__EXERCISE__.
Find the line below with "Gebogenes Rennlederarmband für" and the line with "Clear Whey RTD". Output them and the lines between, exactly, but not the pictures.

Segment Open

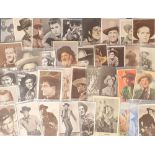 Postcards, Cinema, a good selection of 40 Westerns film stars inc. Gene Autry, The Cartwrights, Andy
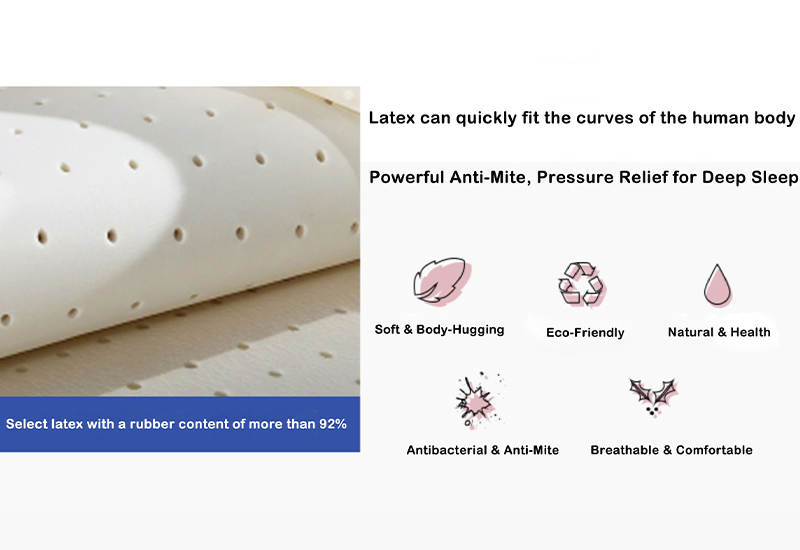 Natural Latex Mattress Antibacterial System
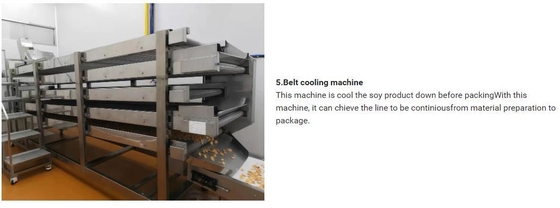 Continuous & Automatic Soya Extruder Machine for Soya Protein / Textureed Soya Protein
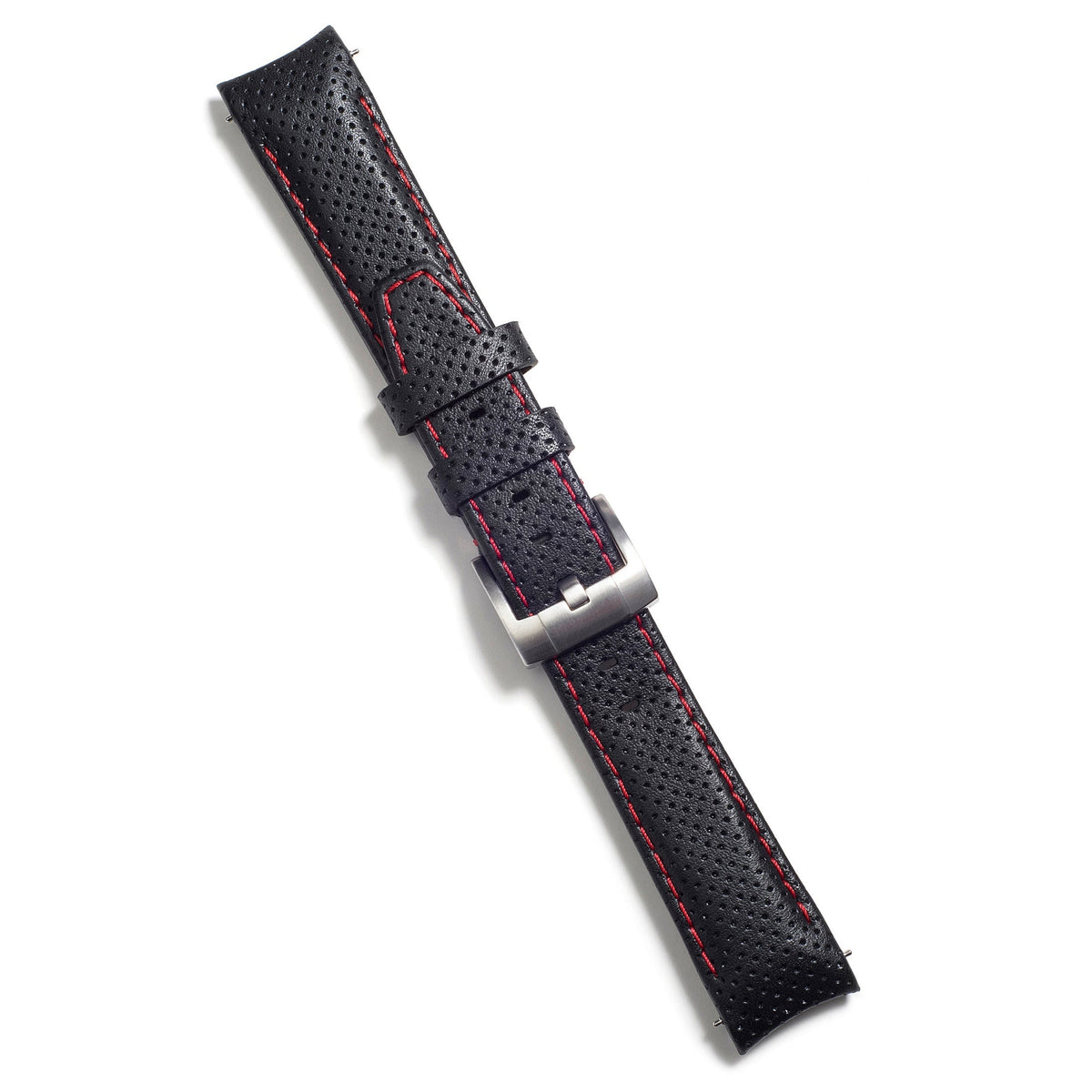 Gebogenes Rennlederarmband für Rolex Submariner mit Dornschließe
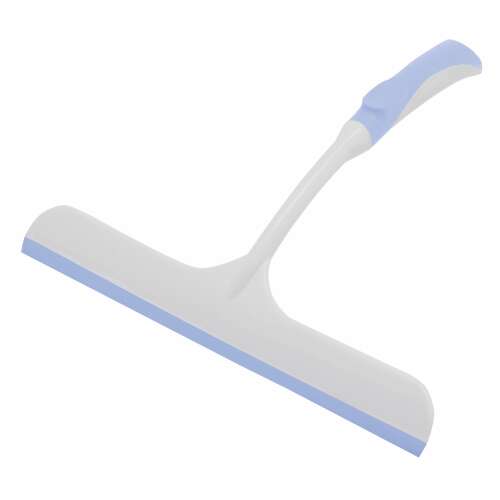 York Bacteria Stop window squeegee, blue and white, for cleaning windows and mirrors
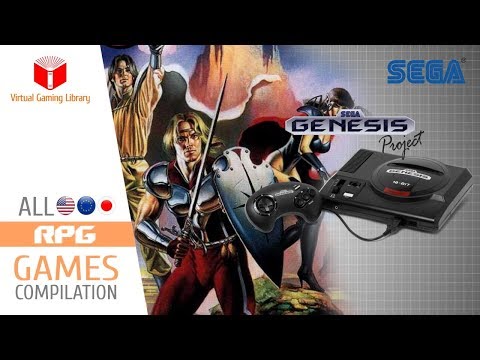 All SEGA Genesis/Mega Drive RPG Games Compilation - Every Game (US/EU/JP/BR)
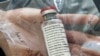 (FILES) In this file photo one vial of the drug Remdesivir is viewed during a press conference about the start of a study with the Ebola drug Remdesivir in particularly severely ill patients at the University Hospital Eppendorf (UKE) in Hamburg, northern 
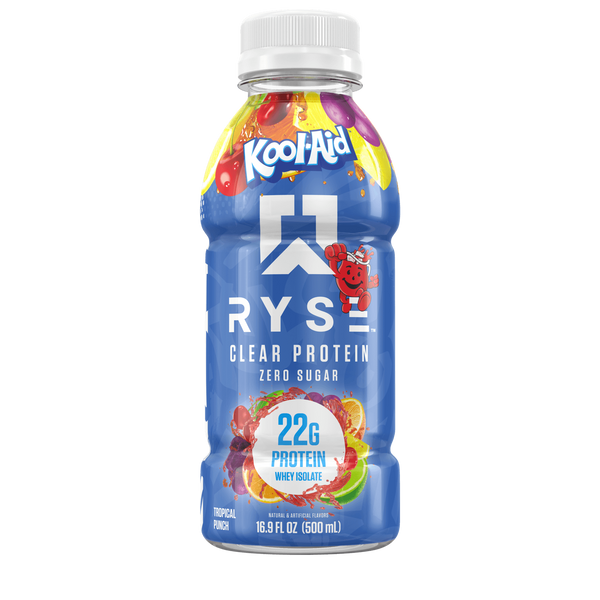 Clear Whey RTD Protein (12 Pack) Strawberry Banana Protein Drink - RYSE Supplements
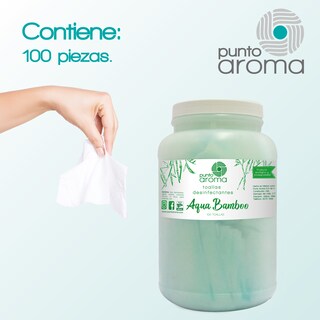 Foto 3 | Toallas Humedas Antibacteriales para Limpiar Punto Aroma color Blanco con 100 Piezas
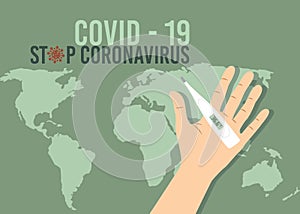 No coronavirus. COVID-19 pandemia. Prevent virus infection. STOP red sign photo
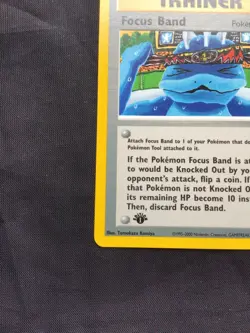 Pokemon Cards: Neo Genesis 1st Edition Rare: Focus Band 86/111 - Image 5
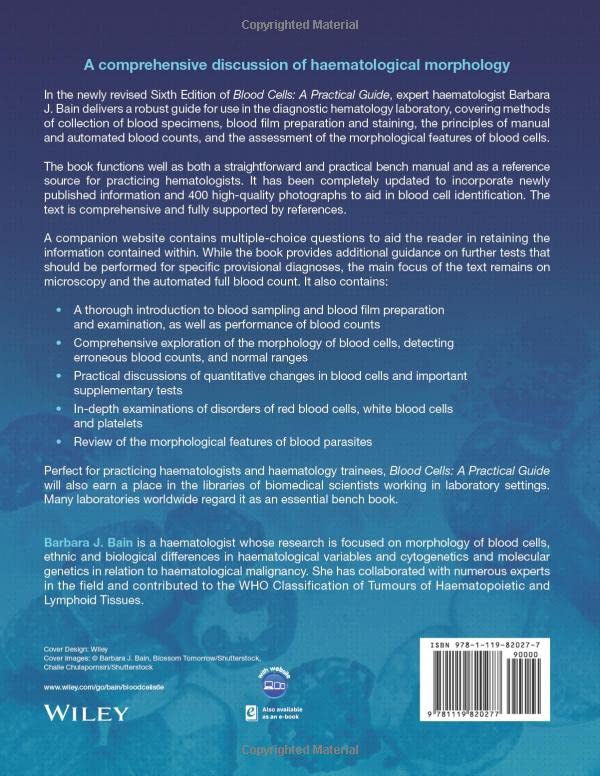 Blood Cells: A Practical Guide - Comprehensive Hematology Reference for Medical Students & Professionals | Perfect for Lab Studies & Clinical Diagnosis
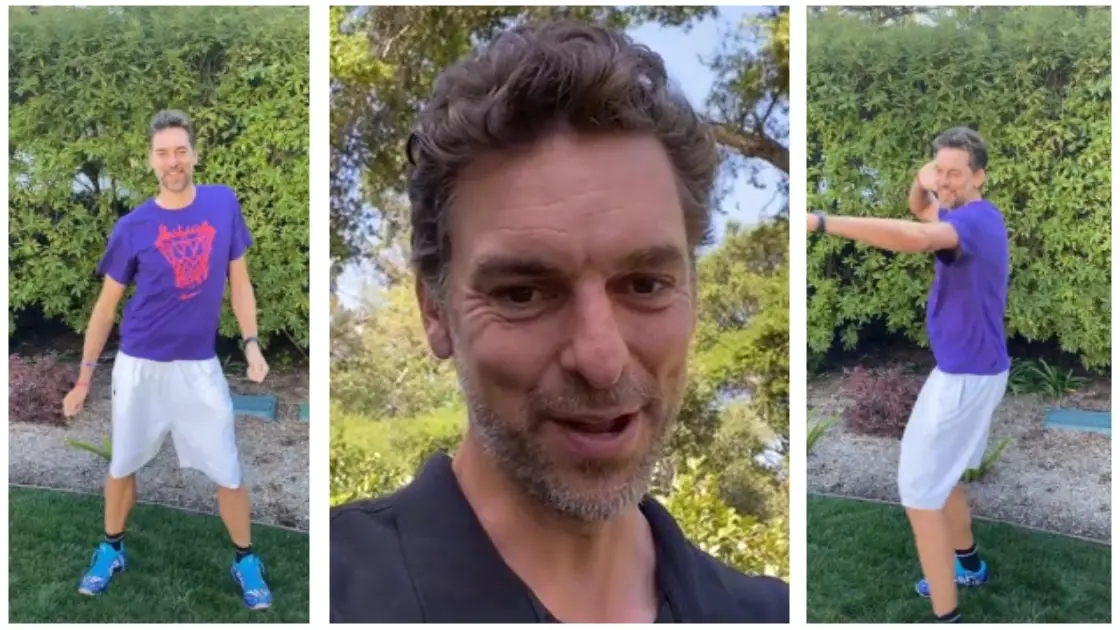 El vídeo viral de Pau Gasol en TikTok El vídeo viral de Pau Gasol en TikTok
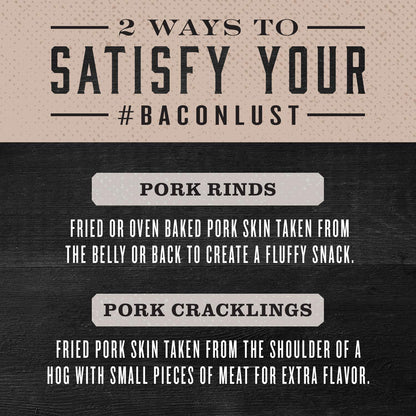 Maple Bacon Pork Cracklings – Keto-Friendly High-Protein Snack, 2.5 oz Bags (4 Pack)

Segment Closed

__OUTPUT OF THE TASK__.
 Gebogenes Rennlederarmband für Rolex Submariner mit Dornschließe
 York Bacteria Stop window squeegee, blue and white, for cleaning windows and mirrors
 All SEGA Genesis/Mega Drive RPG Games Compilation - Every Game (US/EU/JP/BR)
 (FILES) In this file photo one vial of the drug Remdesivir is viewed during a press conference about the start of a study with the Ebola drug Remdesivir in particularly severely ill patients at the University Hospital Eppendorf (UKE) in Hamburg, northern 
 Clear Whey RTD Protein (12 Pack) Strawberry Banana Protein Drink - RYSE Supplements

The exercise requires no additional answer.